Celebrate the flavors of spring with this beautiful, fresh Arugula Spring Salad featuring peas, asparagus, radishes, mint and a simple lemon dressing. (vegan, gluten-free)
This arugula spring salad is my newest salad obsession.
It's full of ALL the gorgeous spring vegetables: arugula, green peas, snap peas, asparagus and radishes, with a generous sprinkling of fresh mint for an extra delicious spring punch, topped with a simple lemon vinaigrette made with just 2 ingredients - lemon and olive oil. What more could you want in a breezy spring salad?

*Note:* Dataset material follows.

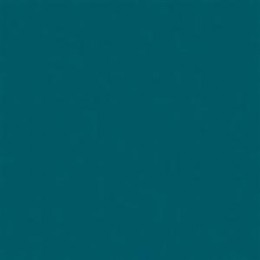 Rosco 95 Medium Blue Green Светофильтр Supergel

How about pistachios for a little crunch? Those are in there too.
I typically have a very hard time not adding cheese to salads because I think everything tastes better with the right cheese, but I honestly didn't even think about adding cheese to this one because it has a ton of flavor already. But if you must (and I don't blame you), I think this arugula spring salad would be fabulous with a little sprinkling of parmesan.
I could go on and try to convince you of how delicious this spring salad is, but I won't other than to tell you to just try it and see for yourself. Because to be quite honest, I don't feel like writing much more and I have a sweet sleeping puppy in my lap who needs my attention. Happy spring, friends!
Did you make this recipe? Please leave a star rating in the comments!
PrintSpring Asparagus Arugula Salad
Celebrate the flavors of spring with this beautiful, fresh Arugula Spring Salad featuring peas, asparagus, radishes, mint and a simple lemon dressing. (vegan, gluten-free)
- Total Time: 15 minutes
- Yield: 2-4 servings 1x
- Category: salad
- Method: stovetop
- Cuisine: American
Ingredients
- 1 cup asparagus spears, cut into 3-inch pieces
- ½ cup peas, fresh or frozen
- ½ cup snap peas, roughly chopped
- 2 cups arugula
- ½ cup radishes, sliced thinly
- ½ cup fresh mint leaves, roughly chopped
- ¼ cup pistachios, roughly chopped
- Juice of ½ lemon
- 1 tbsp olive oil
- ¼ tsp sea salt
- ½ tsp freshly cracked black pepper
Instructions
- Place asparagus and peas into a small skillet or saucepan and cover with water. Bring to a gentle boil and cook until asparagus are bright green, about 1 minute. Immediately remove from heat, drain, and place asparagus and peas into an ice water bath to stop the cooking. Let cool and drain.
- In a large bowl, toss cooled asparagus and peas, snap peas, arugula, radishes, mint and pistachios.
- In a small bowl, whisk together lemon juice, olive oil, salt and pepper. Pour over salad and toss to coat. Refrigerate until ready to serve.